With a median age of 35 years and 70 percent of the population in its prime earning years, Metroplex residents tend to earn more than the national average, with estimated median household income of $59,530 annually, compared to $53,657 per year in the U.S. The combination of low cost of living and above average household incomes results in a surplus of disposable income along with increased retail sales.

Dallas offers a competitive advantage with its low cost of living, tax advantages, amenities, climate and geographic location, all of which are drawing new businesses to the area. The city’s central location allows the region to function as a logistics and distributional hub, functioning as a highly efficient location for both truck and rail shipping.
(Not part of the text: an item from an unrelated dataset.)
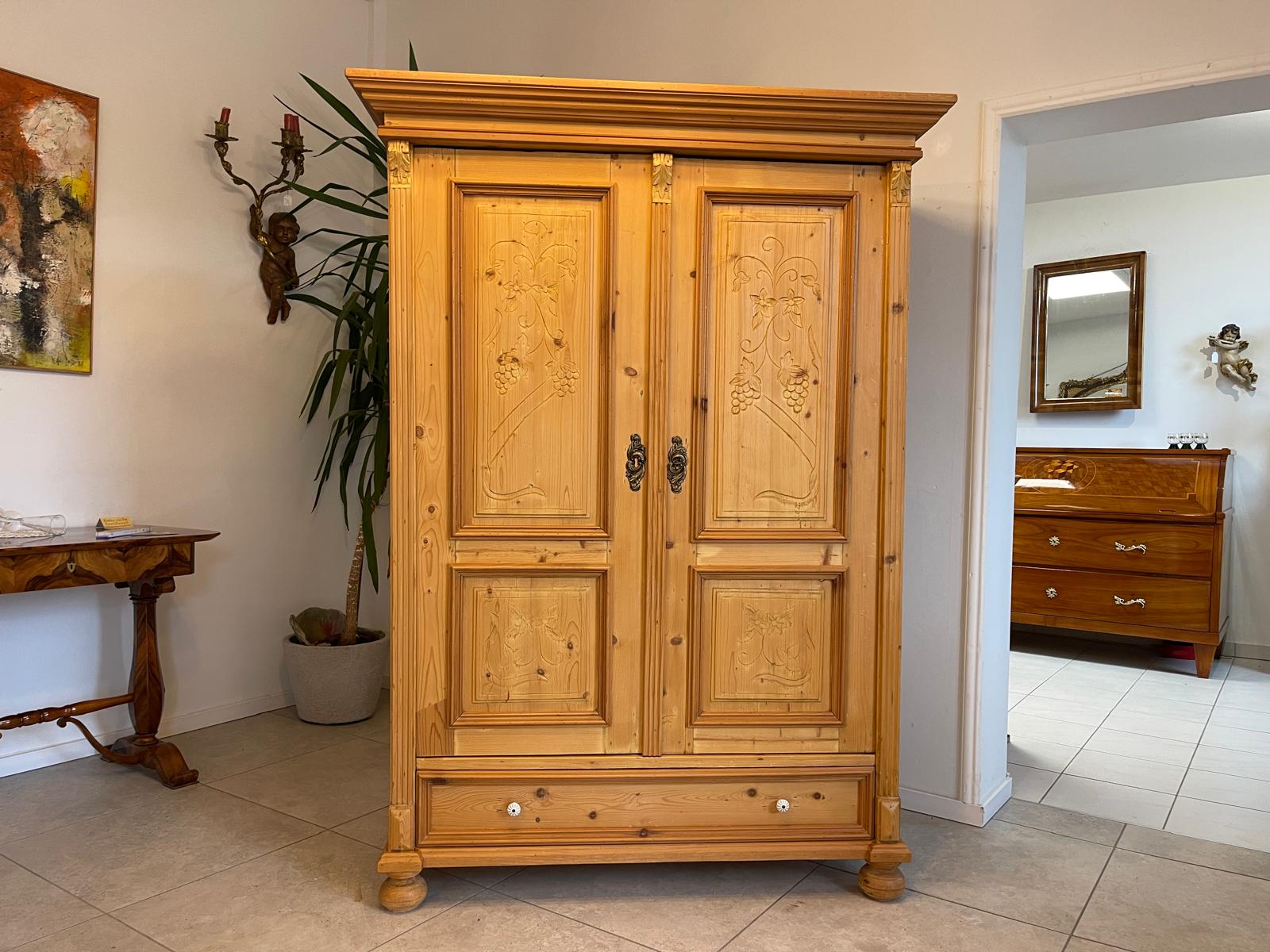 Gründerzeit Bauernschrank Bauernkasten Hallenschrank Kleiderkasten G1691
The location allows faster travel times, with any major city in the U.S. being no more than four hours away by plane. As a result of sound planning, the infrastructure in metro Dallas has made commuting much easier relative to comparable metropolitan areas that are plagued with congestion.
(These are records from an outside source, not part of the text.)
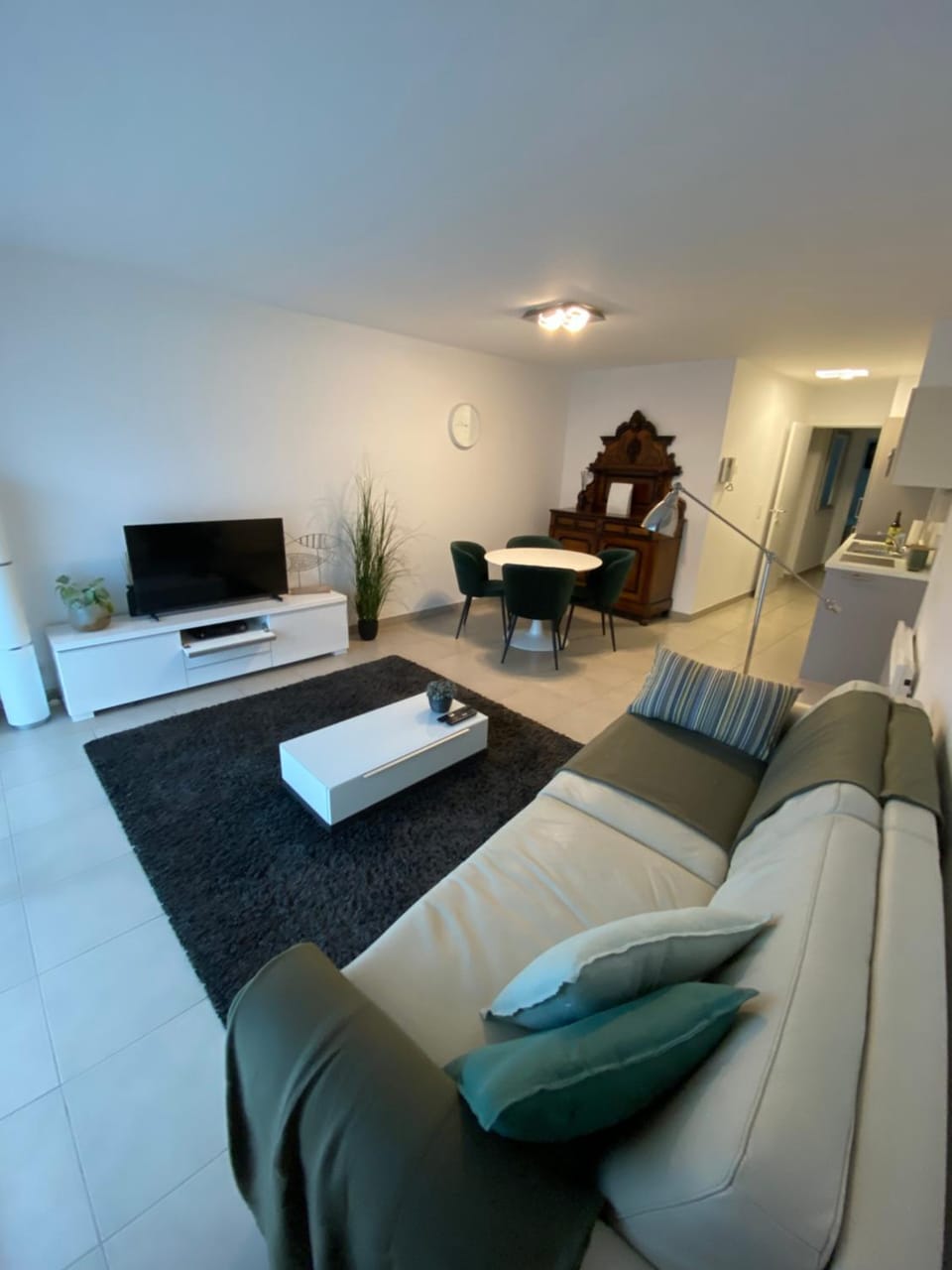 TV and multimedia, Seating area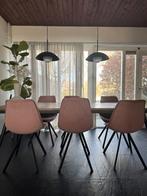 Eetkamerstoelen By Boo roze velvet 6 stuks (of 4), Huis en Inrichting, Stoelen, Ophalen, Gebruikt, Overige kleuren, Vijf, Zes of meer stoelen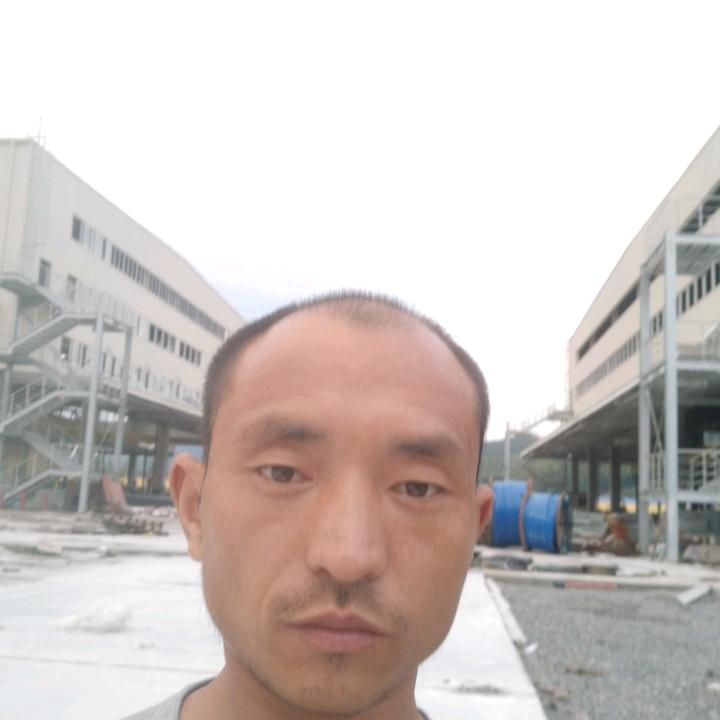 左脚踏进工地门。右脚从此断红尘。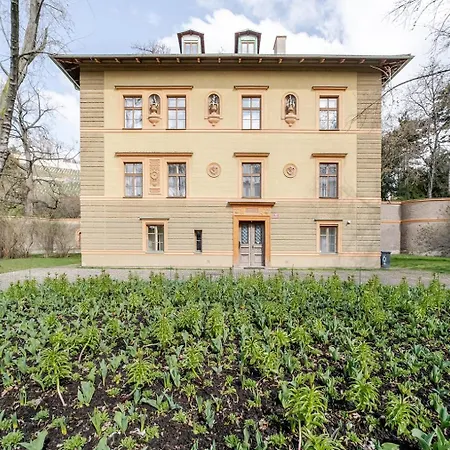 Appartamento Blueground Vrsovice Near Grebovka Park Prg-15 *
Travel around Dallas is facilitated by the multiple freeways, highways and tollways efficiently connecting job centers to residential areas, allowing employees to choose from larger areas of affordable living, while also providing companies the benefit of choosing from a wider employment base.
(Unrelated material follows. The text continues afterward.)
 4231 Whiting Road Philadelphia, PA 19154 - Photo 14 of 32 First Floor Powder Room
Texas is No. 1 behind New York for the number of locally based Fortune 500 companies. Fifty-Four Fortune 500 companies are located in the state, besting California’s number of 53, and falling one short of the 55 located in New York.

The Dallas metro is home to 21 of the 54 Fortune 500 companies located in Texas. These companies include Exxon Mobil, AT&T, JCPenney, American Airlines and Southwest Airlines. Recent company relocations to Dallas include Toyota North America and Liberty Mutual Insurance.

Furthermore, the likes of JPMorgan Chase, FedEx and State Farm Insurance have consolidated regional campuses in north Dallas.

These relocations/consolidations will bring an estimated 20,000 new jobs with a speculated 3 to 4 multiple effect from associated vendors and suppliers starting sometime in the spring of 2017 (please clarify the second half of this sentence).

Recent Trends
The Dallas economy continued to expand at a rapid clip in December. In 2015, metro area employment grew 3.3 percent, outpacing both the state of Texas at 1.5 percent and the nation at 1.9 percent.

As a whole, metro Dallas created 111,600 jobs in 2015, a majority (106,200) coming in the city of Dallas. Unemployment fell from 4.1 percent at the end of 2015 to 3.9 percent at the end of the first quarter of 2016.

Dallas and Fort Worth’s unemployment rate for the quarter was 60 basis points (bps) lower than Texas (4.5 percent) and 100 bps lower than the U.S. (4.9 percent).

Strong population growth and an ample supply of well-educated workers contribute to the area’s healthy economy.
Employment and population growth over the last couple of years is reflected in the increase of home sales. In 2015, home sales were up a hearty 4.8 percent in Dallas and 7.4 percent in Fort Worth, stronger than the state’s overall 3.2 percent rise.

Home inventories remained tight at the end of 2015, with two month of supply available in the metro area. Strong demand and a limited supply continues to spur residential construction.

Prepared for Growth
All the stars have aligned for the Metroplex to continue its impressive growth while maintaining strong real estate fundamentals. A lack of supply coupled with tremendous demand has produced a fundamentally sound Dallas retail market.

The domino effect of low cost of living, an influx of corporate relocations, solid population and employment growth¸ a shortage of home inventory, a conservative lending environment, preleased, non-speculative and constrained construction and continuous net absorption outpacing deliveries leads to high occupancy rates and sustained growth in a well-balanced and stabilized marketplace.

Since we are not making any more land, and as the population continues to grow, the economy remains healthy with continued job creation and low unemployment.

Overall market conditions will remain solid for many years to come. And even if history tends to repeat itself, we are just a third of the way through the current cycle before the next major market correction.